Research —Metals and Alloys (Download this info)

 

Metals and Alloys

 

The studies on the local structure of materials seem to be rare because of the complexity of the problem. There is only limited information available on the investigations of materials in terms of the local structure. It is quite obvious that numerous research papers are being published every year based on powder as well as single crystal X-ray diffraction data. But, the structures reported using those data are only average structures. Since, the analysis of local structure needs highly precise data up to maximum possible Bragg angle, attempts to refine the data in terms of the atomic pair distribution function (PDF) are limited. Because of the complexity of the problem, tasks of acquirement of precise X-ray data from the samples, and the computational incapabilities, many crystallographers do not routinely try this approach. But the present researcher is keen in collecting precise data sets and carry out an analysis and stabilizing the methods of complex crystallographic problems. Hence using the available expertise, precise powder and single crystal X-ray data are collected for some important materials, especially metals and alloys (as test cases)  and the data are being  analyzed in terms of PDF in addition to the determination of the average structure using Rietveld full profile analysis. Though many structural works have been carried out based on Rietveld refinement technique, the analyses based on PDF are only a handful. For example, Billinge and Thorpe, F. Frey, Proffen and Welberry, Neder et al.,  Billinge et al., to quote a few [1,2,3,4,5].

 

It is clear that the refinement of local structure is not so common but it is the actual tool for elucidating the actual internal atomic level nature of materials. The routine analysis of Rietveld profile fitting is being reported frequently. Knowing the precise local nature of the systems is very important in modern day applications. Because, small scale technologies including nanotechnology, deal only with local structure. Hence a study using the local structure analysis becomes essential and timely.

 

The main objectives of the proposed research work will be the following;

1. Characterization of the bulk materials (some important metals and semiconductors and series of solid solutions) in terms of the measurements of thermal conductivity, electrical conductivity, thermal expansion, density measurements, micro hardness measurements and other physical characterization.

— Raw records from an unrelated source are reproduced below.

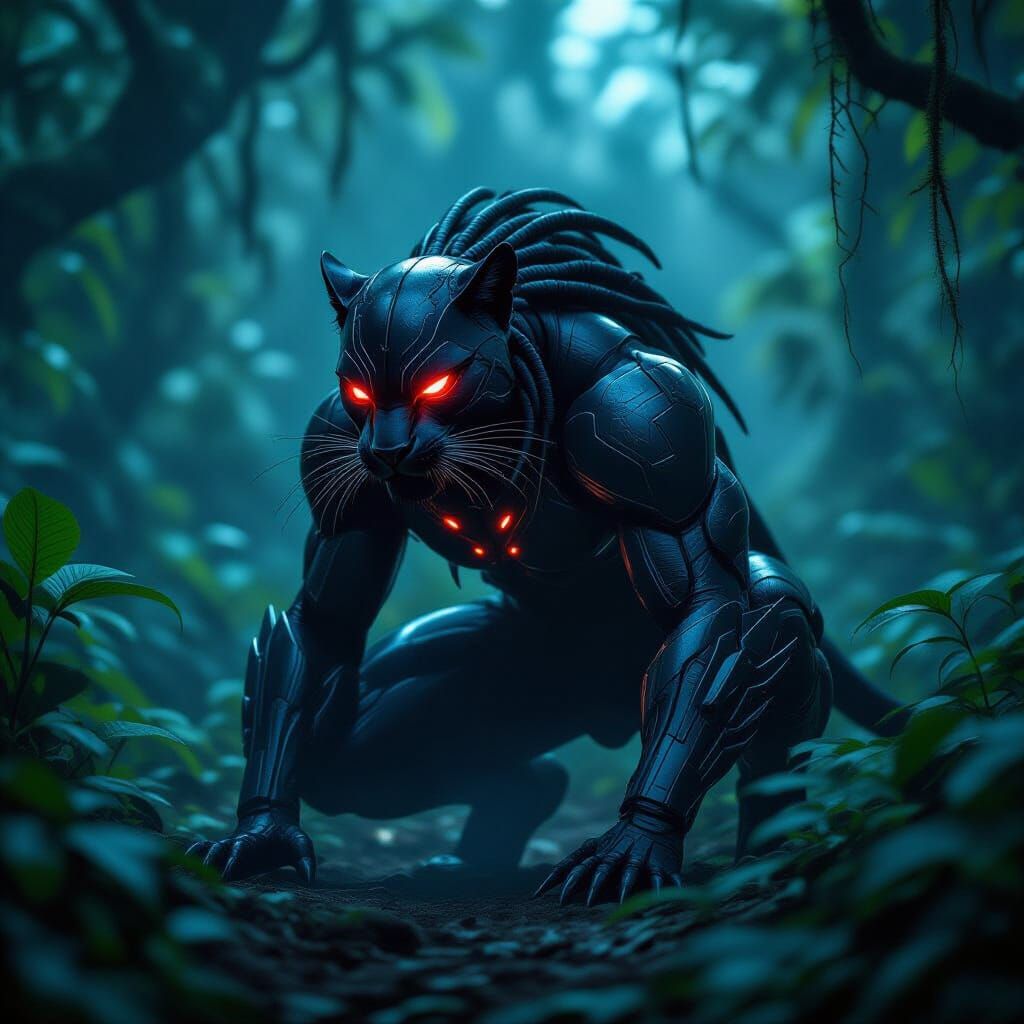 Biomechanical Panther Predator in Bioluminescent Jungle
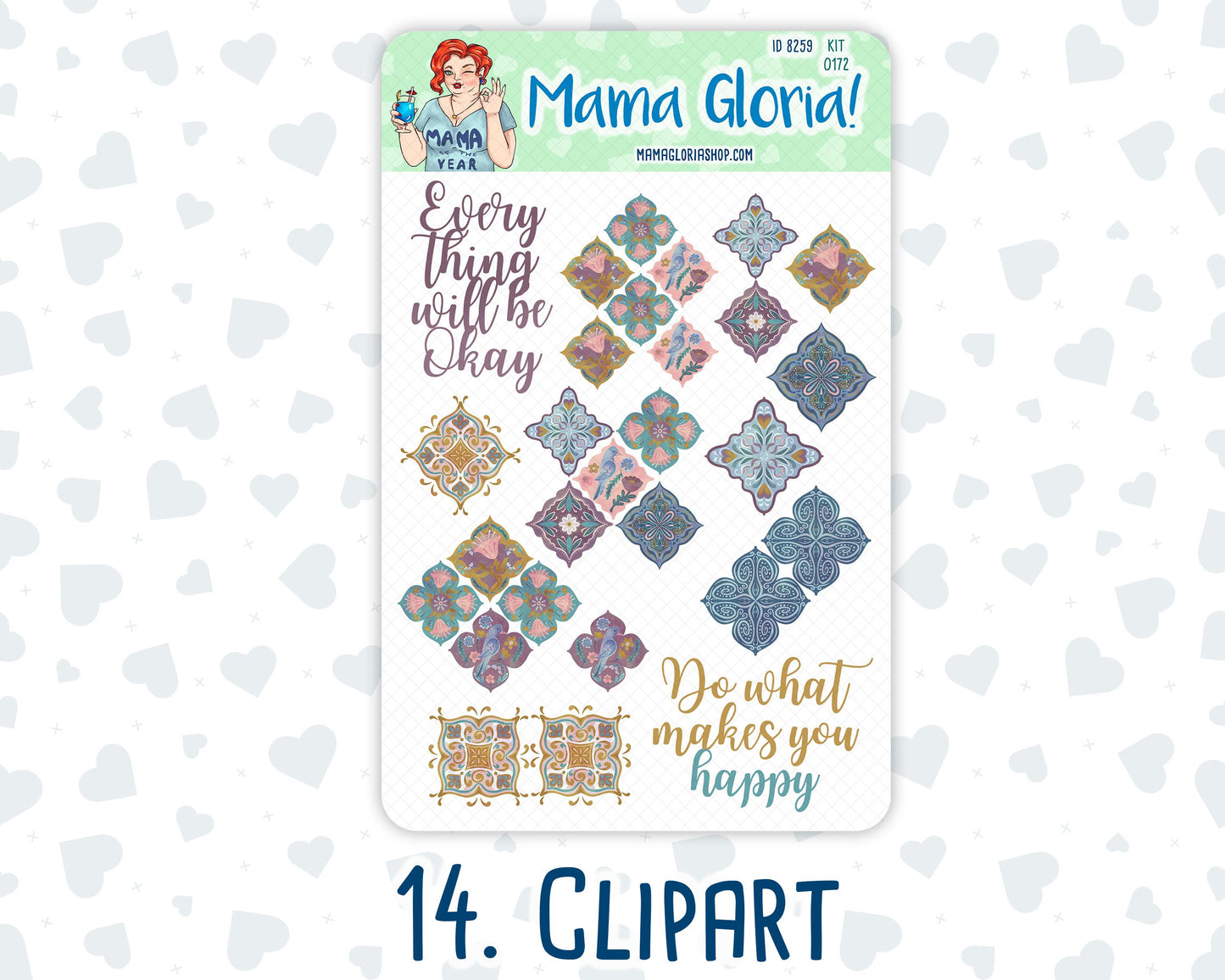 Kit 0172 Add Ons - Mosaic - Planner Stickers - Kit 2024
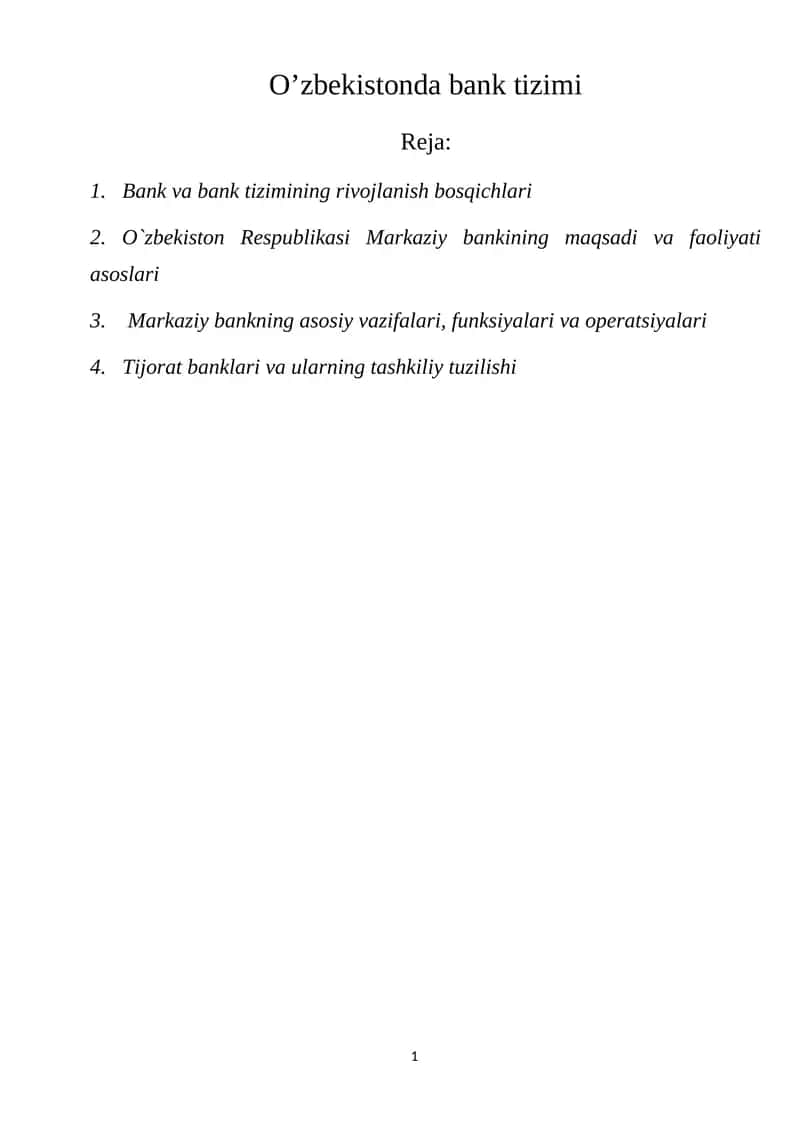 O’zbekistonda bank tizimi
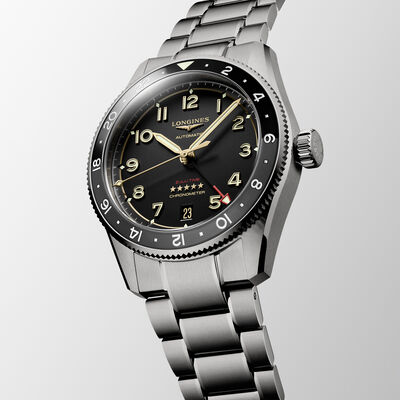 Longines Spirit Zulu Time Titanium Black Dial Watch, 39mm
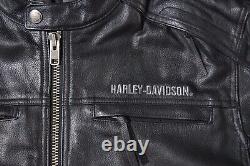 Harley Davidson Men's Honor Bar&Shield Black Leather Jacket Hoodie XL 97035-08VM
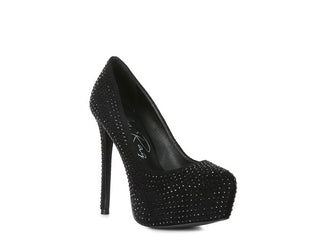 Hot Girl X London Rag CLARISSE Diamante Suede High Heeled Pumps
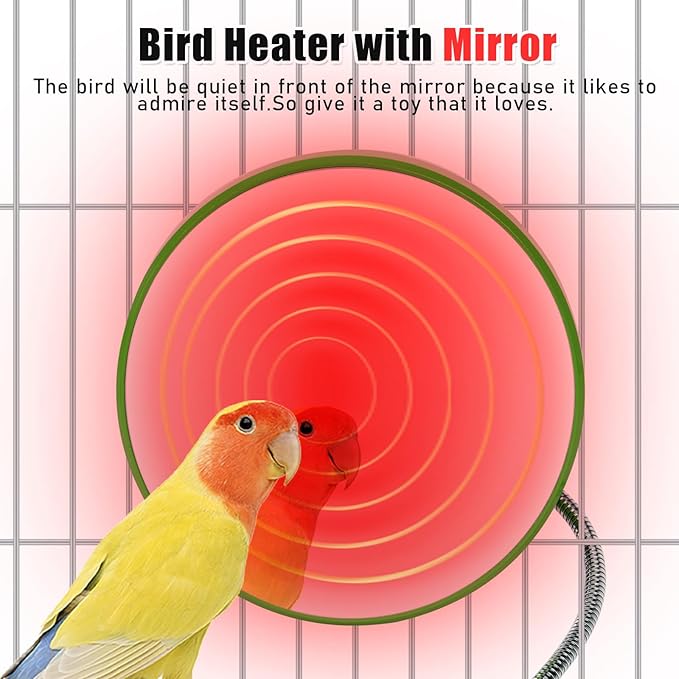 Bird Heater for Cage,Thermostatical Bird Warmer with Mirror to Snuggle up 12V Bird Cage Heating Plate for Cockatiel,Parakeets,Parrots,African Grays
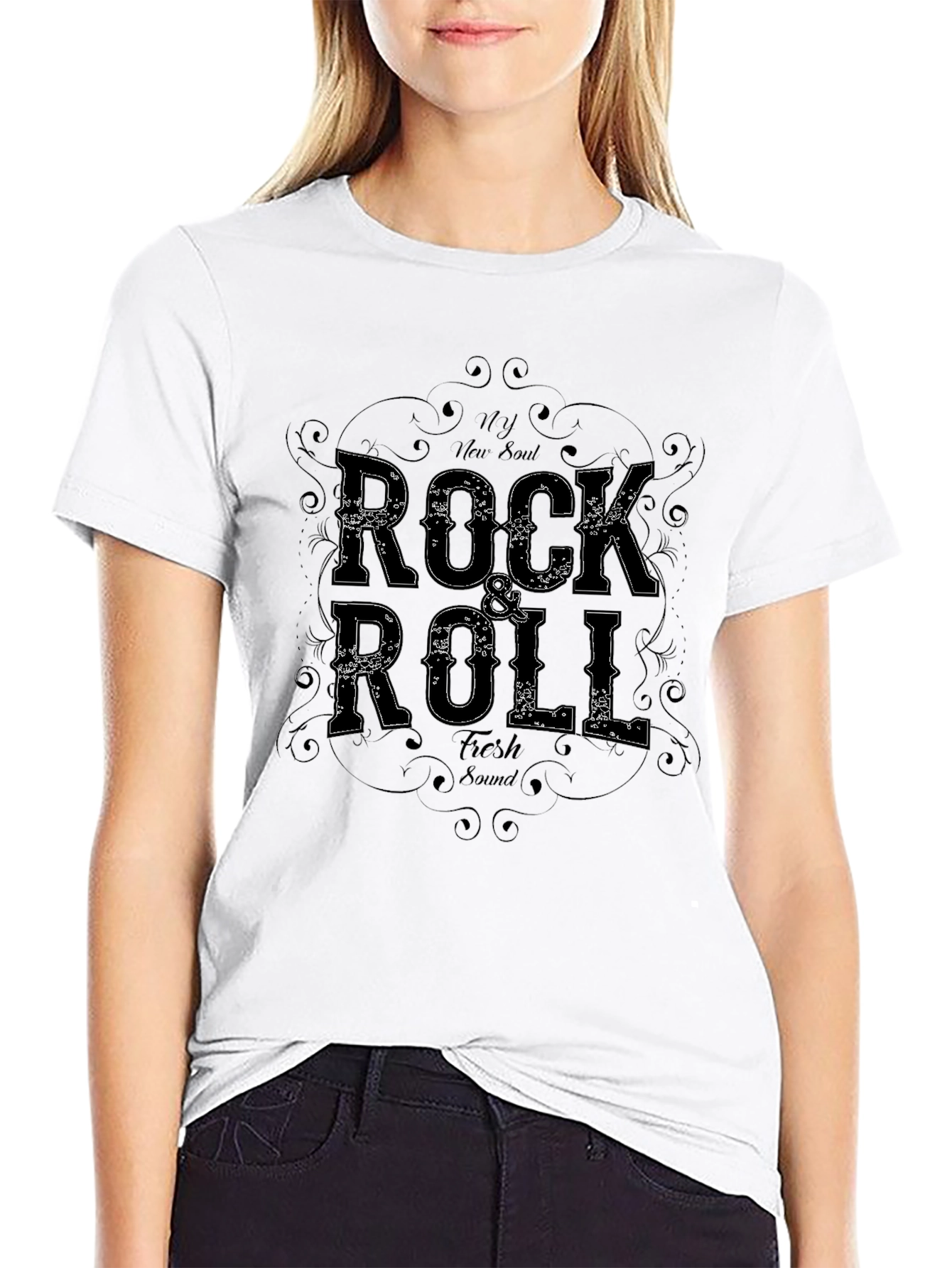 Camiseta Negra Rock & Roll New Soul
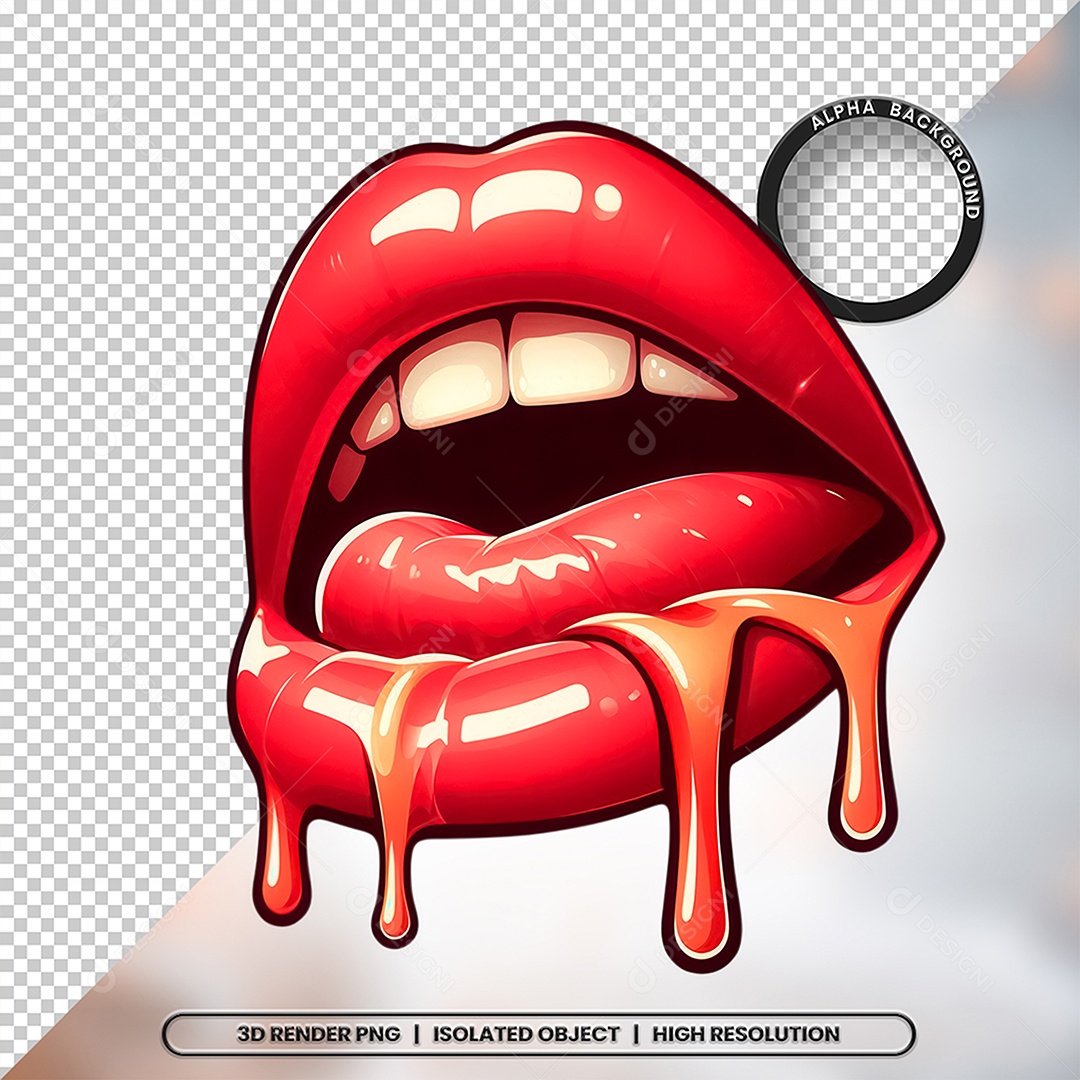 Elemento 3D Boca com Creme Para Composição PSD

2. X-ray powder and single crystal data collection of the above characterized materials and the (average) structure determination using full profile fitting methods and full matrix least squares refinement.

3. Development of the necessary computer programs and software and stabilization of the programs.

4. Elucidation of the local structure using the PDF (Pair Distribution Function) analysis.

5. Comparison of the local and average structural properties and a try for the correlation of these properties with the bulk (average) physical properties.

 

The proposed research work will reveal the local structural properties of many materials, which are not studied in these lines. New understanding of the existing materials will be gained in terms of the local structure. The physical properties of the material will be understood in the lines of the local and average structure of that material. Many novel aspects on the bonding characters of metals and semiconductors will be studied. A clear understanding on the atomic level properties of the metals and semiconductors will be gained. This proposed research will give a clear understanding of the bonding features, scattering power of the local supposed to be/and new atoms/impurities happened to be at the locality. These properties can be properly utilized for the proper engineering of the technologically important materials.  The present work will give an advancement of knowledge about the (1) local structure (2) average structure and (3) physical properties of the metals and semiconductors which will be very useful in technological applications and the interpretation of the existing ideas these systems. The methods/techniques for the above mentioned studies would be stabilized which can be implemented for any future system of materials.  Good quality samples will be obtained and studied for their physical characteristics. Then the quality of the samples will be checked.  Then, the X-ray powder data collection will be carried out. Some important tasks to be carried out are given here.

 

(1). Physical Characterization:

As mentioned earlier, the physical characterization of the samples will be carried out and some of these measurements will be based on the thermal conductivity, thermal expansion of the sample and electrical conductivity. The results will be analyzed during the later stages after the elucidation of the local structure using Pair Distribution Function analysis.

(2). Quality assessment

            The quality of the samples will be tested using X-ray photographic techniques like Laue pattern recording, oscillation technique, etc. Then fine samples with highest quality will be selected for X-ray data collection.

(3). Average Structure

            The average structure of the chosen materials will be studied using Rietveld refinement technique as well as using single crystal X-ray data. Very precise step scan powder data up to maximum two theta values will be utilized for the purpose. Since PDF needs reflections up to maximum possible extent, special request will be made to the data collection centers to oblige this fact. The refined structure will be analyzed in terms of the isotropic and anisotropic thermal parameters, atomic positions, bond length between atoms, etc. A clear understanding of the average structure will be gained. 

(4). Local Structure

The local structure of the material will be studied using Pair Distribution Function analysis. Preliminary programs will be written and stabilized for the purpose. Then using standard programs, the pair distribution function will be calculated. The observed PDF will be obtained from the observed powder X-ray data. The Observed and calculated PDF’s will be matched and refined. The refined parameters will be analyzed and compared with those of the average structure and also the physical characteristics obtained through physical quantities measured earlier.

 

References

1S.J.L. Billinge, and M. F. Thorpe, Local Structure from Diffraction, NewYork, 1998, Plenum.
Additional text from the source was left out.